Dalam sambutannya, Kepala Pusat Air Tanah dan Geologi Tata Lingkungan (PATGTL) Badan Geologi Kementerian ESDM, Agus Cahyono Adi, menegaskan pentingnya keseimbangan antara pembangunan dan kelestarian lingkungan. “Geo-Enviro menjadi pengingat bahwa pembangunan harus sejalan dengan konservasi sumber daya alam, agar keberlanjutan dapat tercapai bagi generasi mendatang,” ujarnya saat membuka acara.

Pernyataan tersebut sejalan dengan amanat Undang-Undang Nomor 26 Tahun 2007 tentang Penataan Ruang dan Undang-Undang Nomor 17 Tahun 2019 tentang Sumber Daya Air, yang menekankan perlunya pemanfaatan ruang secara berkelanjutan.

Lebih lanjut Kepala PATGTL juga menyoroti komitmen Badan Geologi dalam menjaga keseimbangan pemanfaatan dan konservasi air tanah, terutama di tengah tantangan perubahan iklim dan urbanisasi. Ia menambahkan bahwa perhatian Badan Geologi mulai dari konservasi air tanah, pengelolaan kawasan karst, konservasi koleksi geologi, hingga pengembangan geopark nasional sebagai bagian dari sistem kehidupan geologi yang berkelanjutan.

Kolokium sesi pertama berfokus pada pengelolaan air tanah. PATGTL melalui BKAT memaparkan keberhasilan pengelolaan Cekungan Air Tanah Jakarta, di mana data menunjukkan adanya kenaikan muka air tanah serta penurunan laju amblesan. Keberhasilan ini dicapai berkat penerapan zona konservasi dan kerja sama antara Pemerintah Daerah, PATGTL, dan PAM JAYA. PATGTL juga memperkenalkan Sistem Air Tanah Terintegrasi Indonesia (ARTESIS), sebuah platform hidrogeologi terpadu berbasis WebGIS yang dibangun dengan mengintegrasikan data dari berbagai kementerian, lembaga, akademisi, dan pelaku usaha untuk mendukung transparansi perizinan dan konservasi air tanah.

Ahli hidrogeologi Universitas Gadjah Mada (UGM) Prof. Heru Hendrayana menyambut baik capaian ini. “ARTESIS adalah mimpi lama PATGTL yang kini terwujud. Dengan sistem informasi hidrogeologi yang terpadu, arah pengelolaan air tanah Indonesia akan lebih transparan dan berbasis sains,” ujarnya dalam sesi panel.

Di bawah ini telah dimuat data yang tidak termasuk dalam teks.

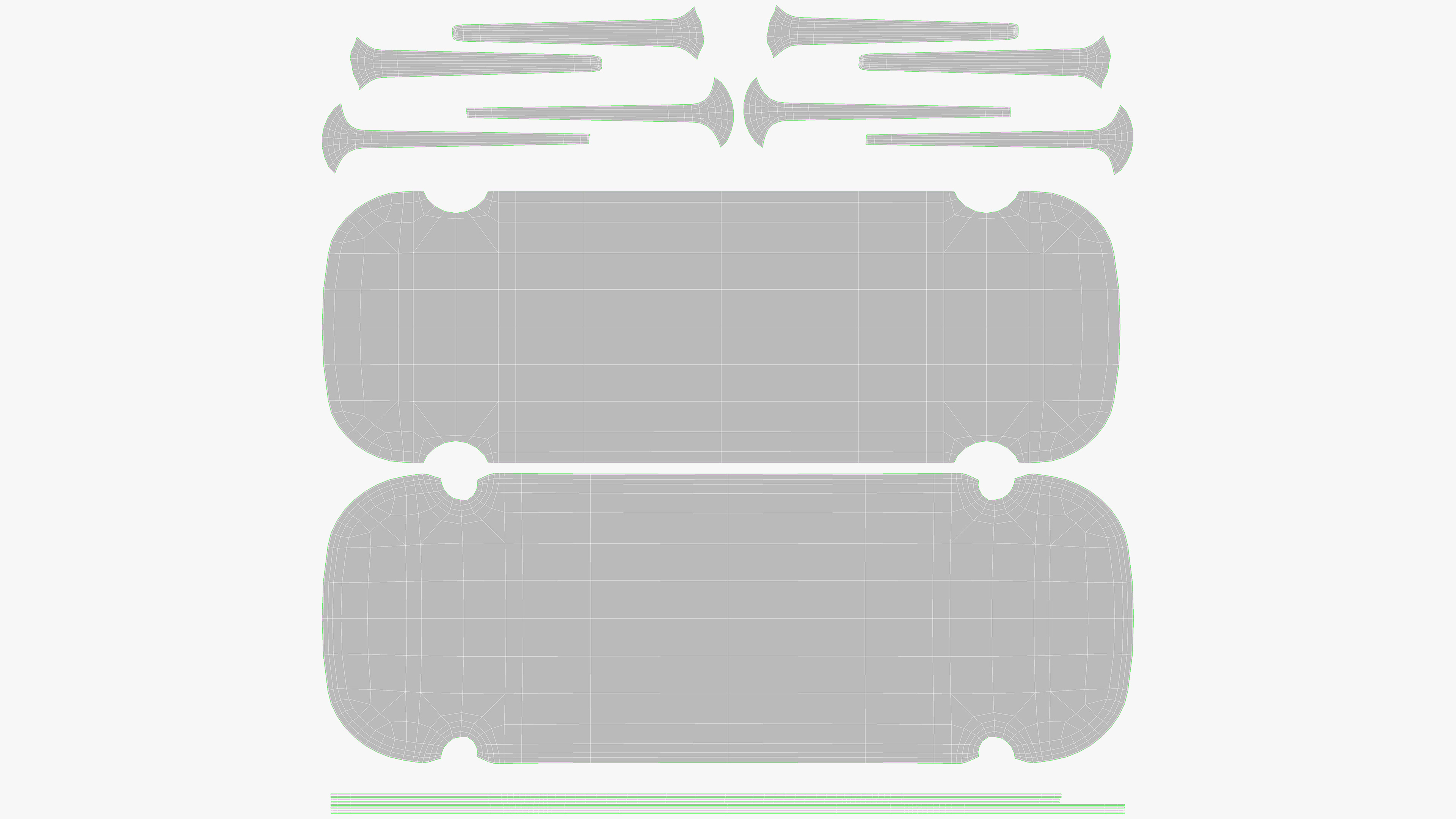 Vortex Wood Table Low-poly 3D model_9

Sesi kedua membahas isu geologi lingkungan yang lebih luas. Mulai dari hasil kajian di pesisir utara Jawa (Bekasi, Karawang, Subang) yang mengidentifikasi perubahan garis pantai akibat abrasi dan akresi, serta dampak banjir rob dan penurunan muka tanah. Kajian ini menjadi dasar penting bagi perencanaan proyek tanggul laut raksasa (Giant Sea Wall) di wilayah tersebut. Topik lainnya menyoroti Kawasan Bentang Alam Karst (KBAK) sebagai benteng alami penyimpan air dan penyeimbang ekosistem, dimana hingga tahun 2025, telah ditetapkan 14 lokasi KBAK di Indonesia, sesuai amanat UU Penataan Ruang.

Paparan tentang “Kawasan Geopark dan Dinamika Geopark Nasional di Indonesia” menutup sesi Geo-Enviro, menekankan kembali bahwa dari air tanah di bawah permukaan hingga geopark di permukaan bumi, semuanya saling terhubung membentuk satu sistem kehidupan geologi yang utuh, selaras, dan saling menopang.

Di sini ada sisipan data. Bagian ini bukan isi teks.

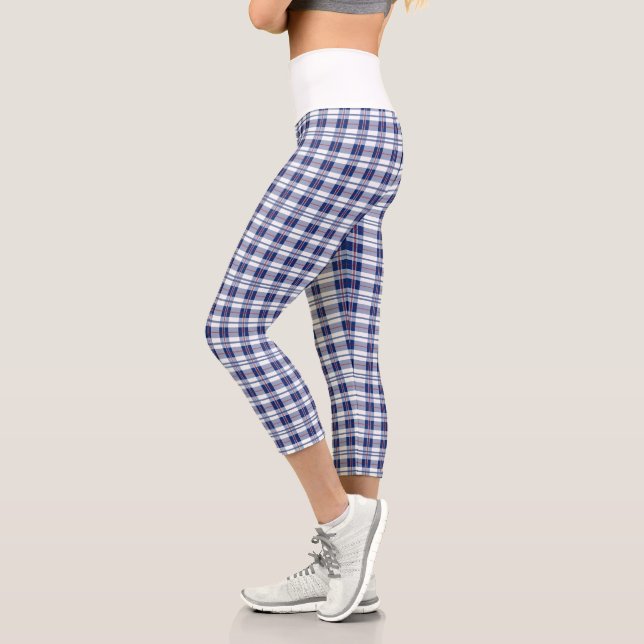 Leggings Capri Rouge, blanc et bleu (Gauche)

Dalam sesi diskusi, Prof. Wahyu Wilopo dari UGM menyampaikan sejumlah pandangan penting. Ia menekankan bahwa rencana pembangunan Giant Sea Wall sebaiknya dikaji lebih mendalam agar potensi dampak lingkungan dan sosial dapat diminimalkan.

“Integrasi Kawasan Bentang Alam Karst (KBAK) ke dalam RTRW daerah juga sangat diperlukan untuk menghindari tumpang tindih pemanfaatan lahan,” ujarnya. Ia menambahkan bahwa aspek kebencanaan geologi, seperti gempa bumi, perlu menjadi perhatian utama dalam pengelolaan kawasan geopark dan warisan geologi, agar upaya pelestarian dapat berjalan seiring dengan keselamatan masyarakat dan keberlanjutan lingkungan.

Penutupan sesi Geo-Enviro ditandai dengan pesan kuat: satu data, satu peta, satu aksi untuk bumi lestari. Melalui kolaborasi lintas sektor dan pemanfaatan teknologi geospasial, acara ini menegaskan komitmen Badan Geologi untuk menjadikan ilmu geologi sebagai fondasi pembangunan berkelanjutan di Indonesia.